> **What you will do**
After locating the line that holds "LICHIS presenta su", output it and all following lines word for word, stopping only at the end of the data.

(Caption-style text data)
[Start of Attachment]

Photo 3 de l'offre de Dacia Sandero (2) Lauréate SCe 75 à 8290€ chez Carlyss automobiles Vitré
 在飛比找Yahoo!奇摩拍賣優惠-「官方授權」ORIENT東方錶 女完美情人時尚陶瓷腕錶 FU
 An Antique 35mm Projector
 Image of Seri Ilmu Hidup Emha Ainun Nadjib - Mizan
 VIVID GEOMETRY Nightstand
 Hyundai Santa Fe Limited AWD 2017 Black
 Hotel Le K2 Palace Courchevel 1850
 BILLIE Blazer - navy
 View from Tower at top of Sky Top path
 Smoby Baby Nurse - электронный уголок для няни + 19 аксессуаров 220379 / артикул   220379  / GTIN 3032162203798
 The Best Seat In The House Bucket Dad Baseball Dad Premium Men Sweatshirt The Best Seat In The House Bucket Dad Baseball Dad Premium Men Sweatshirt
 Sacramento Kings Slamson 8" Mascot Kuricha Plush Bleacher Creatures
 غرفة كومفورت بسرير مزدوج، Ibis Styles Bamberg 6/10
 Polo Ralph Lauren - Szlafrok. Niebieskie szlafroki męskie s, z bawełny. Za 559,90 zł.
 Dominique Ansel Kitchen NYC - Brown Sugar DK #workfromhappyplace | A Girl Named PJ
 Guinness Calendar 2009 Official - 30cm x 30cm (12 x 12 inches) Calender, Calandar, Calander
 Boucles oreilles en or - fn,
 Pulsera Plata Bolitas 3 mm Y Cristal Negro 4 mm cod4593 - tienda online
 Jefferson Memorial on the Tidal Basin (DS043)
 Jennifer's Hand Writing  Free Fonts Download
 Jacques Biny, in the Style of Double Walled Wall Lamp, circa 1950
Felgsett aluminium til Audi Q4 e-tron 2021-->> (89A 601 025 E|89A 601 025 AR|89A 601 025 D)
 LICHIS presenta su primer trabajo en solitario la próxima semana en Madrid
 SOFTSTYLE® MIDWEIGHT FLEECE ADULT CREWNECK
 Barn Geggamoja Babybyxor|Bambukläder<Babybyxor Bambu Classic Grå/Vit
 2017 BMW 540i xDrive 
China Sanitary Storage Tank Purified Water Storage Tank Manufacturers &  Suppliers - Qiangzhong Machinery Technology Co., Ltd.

[End of Attachment]

> **Task answer**
 LICHIS presenta su primer trabajo en solitario la próxima semana en Madrid
 SOFTSTYLE® MIDWEIGHT FLEECE ADULT CREWNECK
 Barn Geggamoja Babybyxor|Bambukläder<Babybyxor Bambu Classic Grå/Vit
 2017 BMW 540i xDrive 
China Sanitary Storage Tank Purified Water Storage Tank Manufacturers &  Suppliers - Qiangzhong Machinery Technology Co., Ltd.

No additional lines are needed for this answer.